Have you ever thought about how much is going on around us all the time — filling our eyes and ears? There is constant motion and noise. It’s so much a part of our world we scarcely notice it, though in our cities it never stops: the air planes taking off and landing, the police and ambulance sirens, the cars and trucks on the Interstates, and the hub-bub of constant people noise. It never stops. Even in rural areas there are the barking dogs, the trains and motorcycles, loud pickups and kids’ cars with their modified mufflers, and the occasional crop duster roaring in the distance. Noise.
And if you watch TV for a while without paying attention to what is on you will notice that it now consists of thousands of quick shots from various angles — a frantic download of pictures in constant agitation. It jars the nerves and rattles the brain. It can’t be good, though I am not aware of any studies to help us understand what this constant noise and movement does to our nervous system.
I am not talking about the actual events portrayed on the television or reported in our papers and on the radio. That is enough to chill the bones — especially these days with “false news” and lie after lie trying to scare the bejesus out of us. But I speak about the constant agitation. As I say, it can’t be good.
Lionel Trilling wrote an essay in 1976 about a class he was putting together at Columbia University on the novels of Jane Austen. He wanted the class to be small, about 20 students, but over a hundred signed up! He culled the group and managed to reduce the number to 40, but he was astonished that so many students would want to read an author who wrote novels so long ago. He thought about it and concluded it was because in Austen’s day “there were more trees than people.” This was a cute way to get across the point that those young people were tired of all the noise and agitation (even in 1976!) and wanted to retreat to a calmer and quieter world, the world of Jane Austen. Austen lived between 1775 and 1817. She wrote most of her novels in the early part of the nineteenth century.
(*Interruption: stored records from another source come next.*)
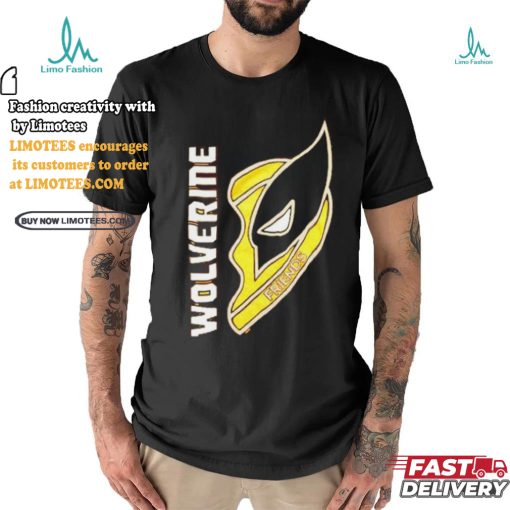 Wolverine Friends pendant half heart shirt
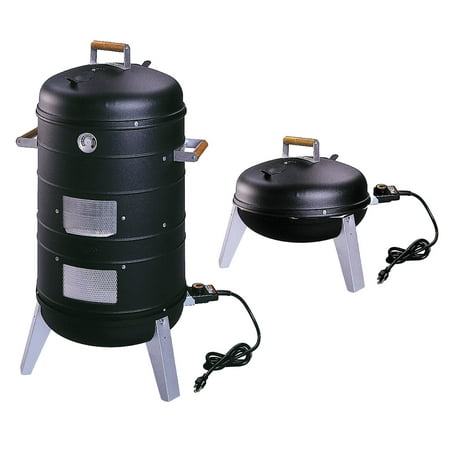 Americana 2-In-1 Electric Combo Water Smoker (Best Electric Smoker Grill Combo)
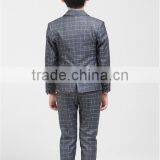 New Style Box Pattern Factory Price Boy Suit thumbnail-2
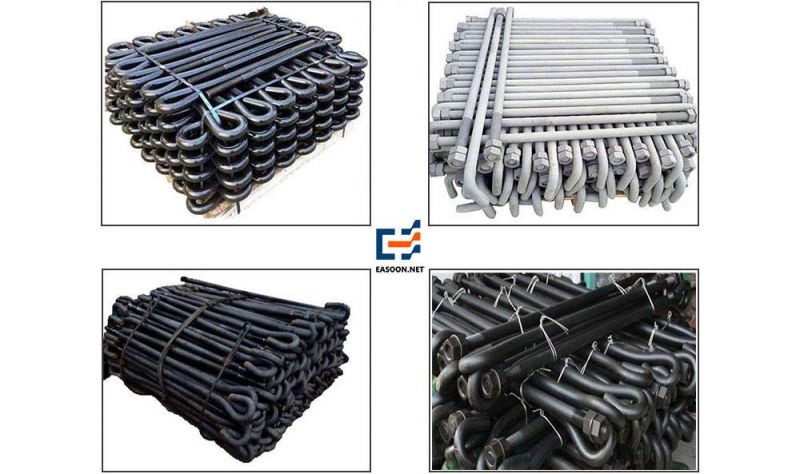 9 Shape Anchor Bolt High Strength Thread Rod DIN529 Masonry Bolt 7 Shape Concrete Anchor Bolts with Galvanized Surface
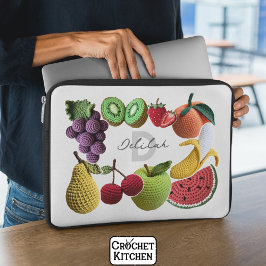 Trendig Konstnärlig kornbod Fruktkollage Laptop Fodral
A generation later George Eliot (who was born two years after Austen’s death and was the wisest of women) could already express her exasperation over the noise and agitation that was growing around her. Between Austen and Elliot the Industrial Revolution had burst forth in all its glory, noise, and pollution — visual, nasal, and aural! One of my favorite passages in Eliot’s novels is the following in which she expresses her own feelings about the coming of the “machine in the garden,” as it has been called. She pined for a time when
“reforming intellect takes a nap, while imagination does a little Toryism by the sly, reveling in regret that dear, old, brown, crumbling, picturesque inefficiency is everywhere giving place to spick-and-span new-painted, new-varnished efficiency, which will yield endless diagrams, plans, elevations, and sections, but alas! no picture.”
There is no way we can turn back the clock. And as I have noted in previous posts, I would not want to do so (for the most part). But there was a time when people took things slowly and had time to reflect and enjoy the world around them. Things took time; that was just a fact of life. As things stand at present we are always in a hurry and are surrounded by noise pollution and constant visual agitation, as noted. Ours is a hectic world and one in which we cannot find time to simply relax and enjoy the beauty of the world around us. For the most part, the world won’t let us: it obtrudes. But even when it does let us escape, when we retreat to a quiet nook away from the noise and agitation, we take our electronic toys with us in order to listen to our tunes and to make sure we don’t miss out on anything important — like the latest photo on our phones of our friend’s evening meal or the cute trick by her pet poodle. Important stuff.
Eliot was right. Things happen too fast and furiously and it is not good for the soul. We need to “take a nap” every now and again, get away from it all — and I mean ALL — and think about the many good and beautiful things that surround us. And forget the noise and agitation and especially forget the folks that seem to be running the show these days who simply add to the noise and agitation without making our world even a little bit better.